Records from a data collection
────────────────────────────────────────

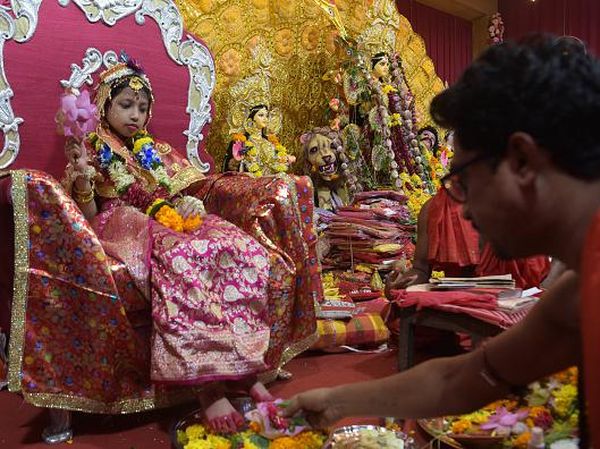 Kala Anak Gadis India Disembah Bak Dewi Durga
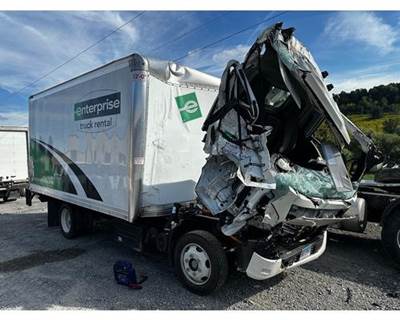 Isuzu NPR XD Truck
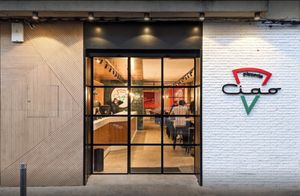 Fachada de Pizzería Ciao Dos Hermanas. at Ciao in Dos Hermanas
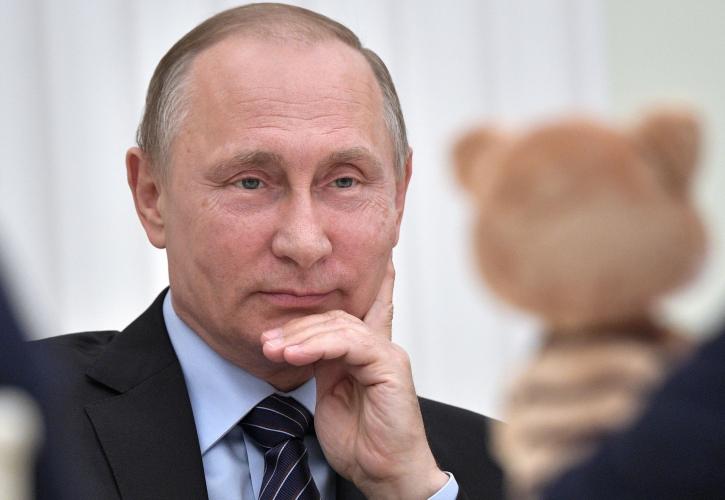 Ο Πούτιν «θα αποχωρήσει από την προεδρία το 2024»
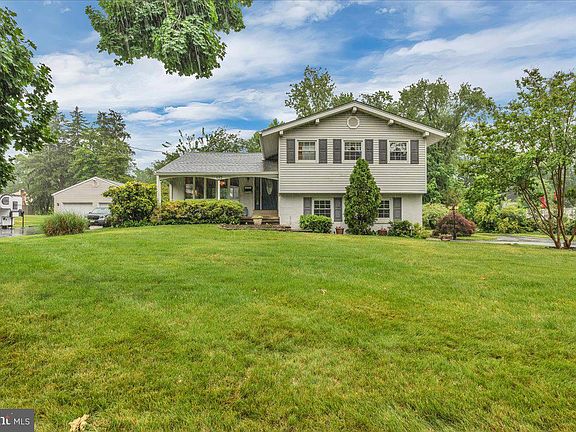 3rd image of 132 Wedgewood Dr
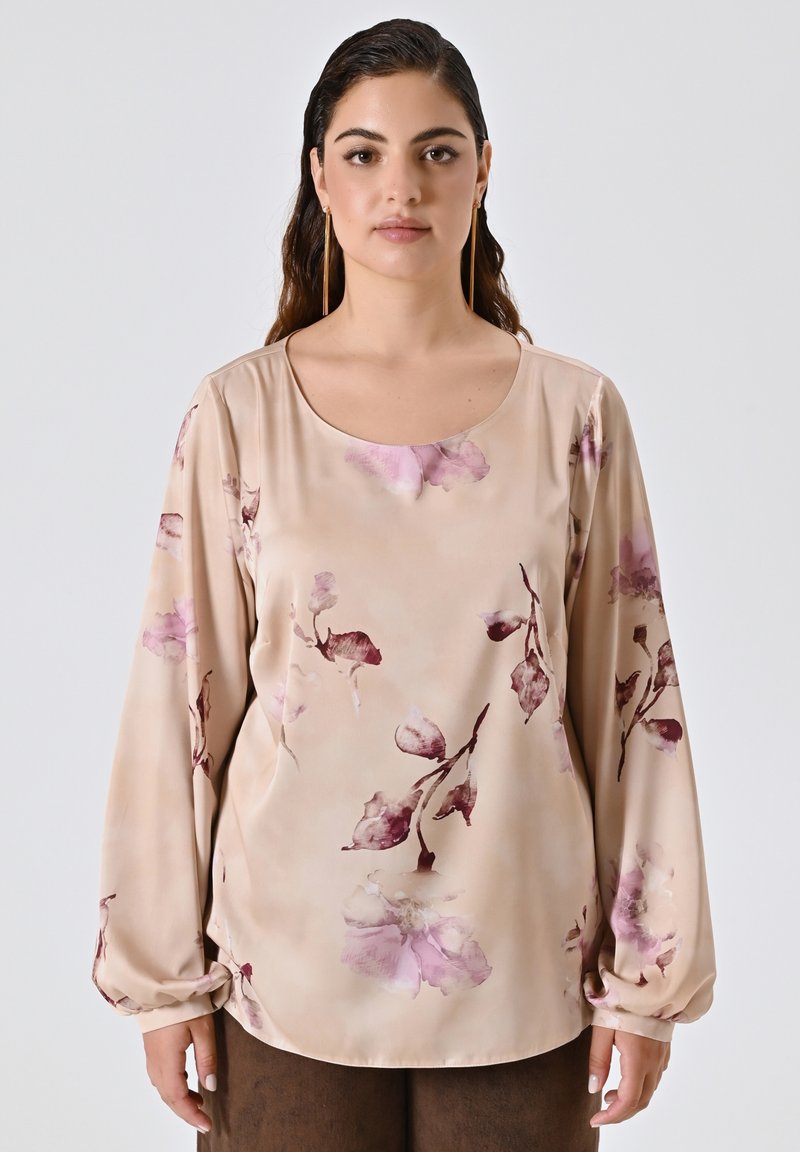 Blusa beige con maniche lunghe, stampa floreale in tonalità di rosa e bordeaux, scollatura rotonda e polsini arricciati. Tessuto liscio e leggero.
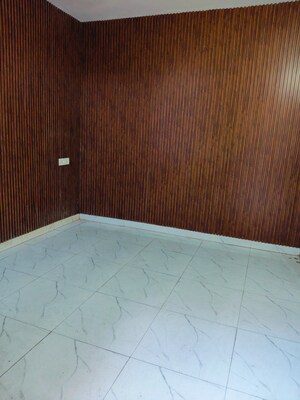 Room in 1 BHK Apartment at Sector 63 – for Sale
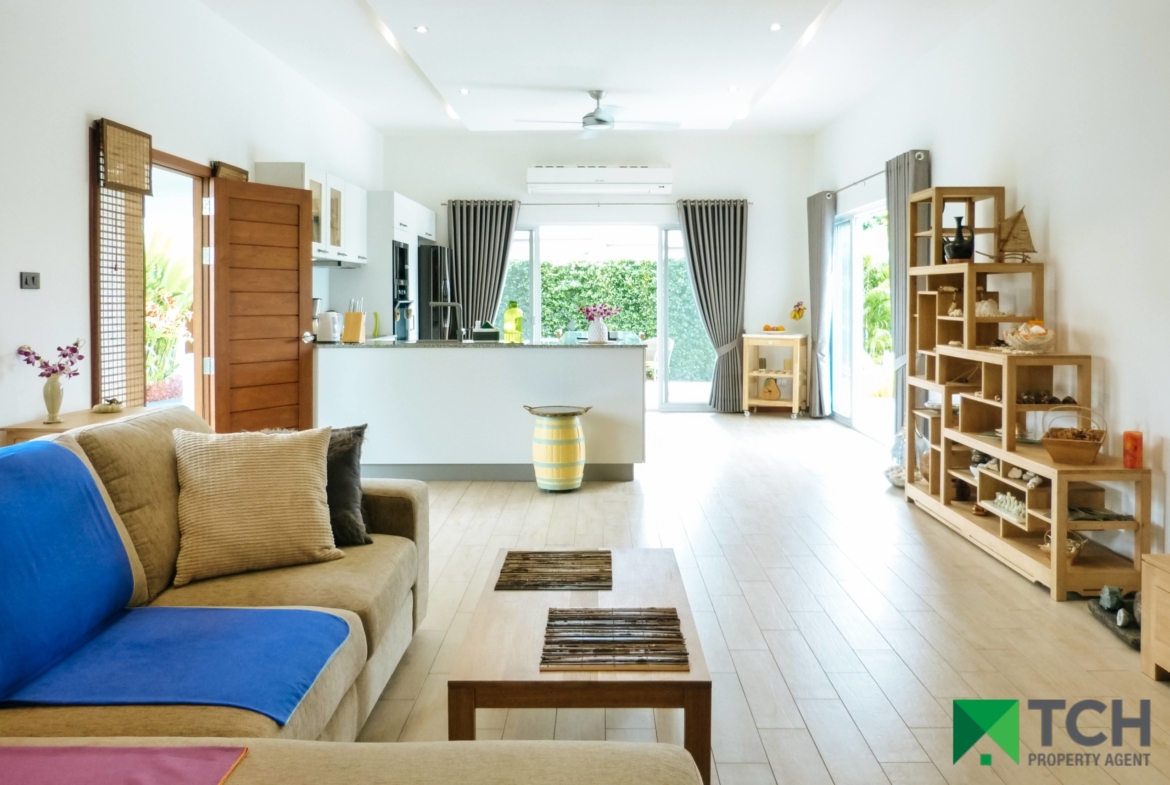 Pristine 3 Bedroom Pool Villa with Guest House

────────────────────────────────────────

**EXERCISE:**
Give an exact copy of the line containing "αποχωρήσει από την" and every line after it through the end of the entries. Pictures are to be dropped.

**COMPLETED TASK:**
 Ο Πούτιν «θα αποχωρήσει από την προεδρία το 2024»
 3rd image of 132 Wedgewood Dr
 Blusa beige con maniche lunghe, stampa floreale in tonalità di rosa e bordeaux, scollatura rotonda e polsini arricciati. Tessuto liscio e leggero.
 Room in 1 BHK Apartment at Sector 63 – for Sale
 Pristine 3 Bedroom Pool Villa with Guest House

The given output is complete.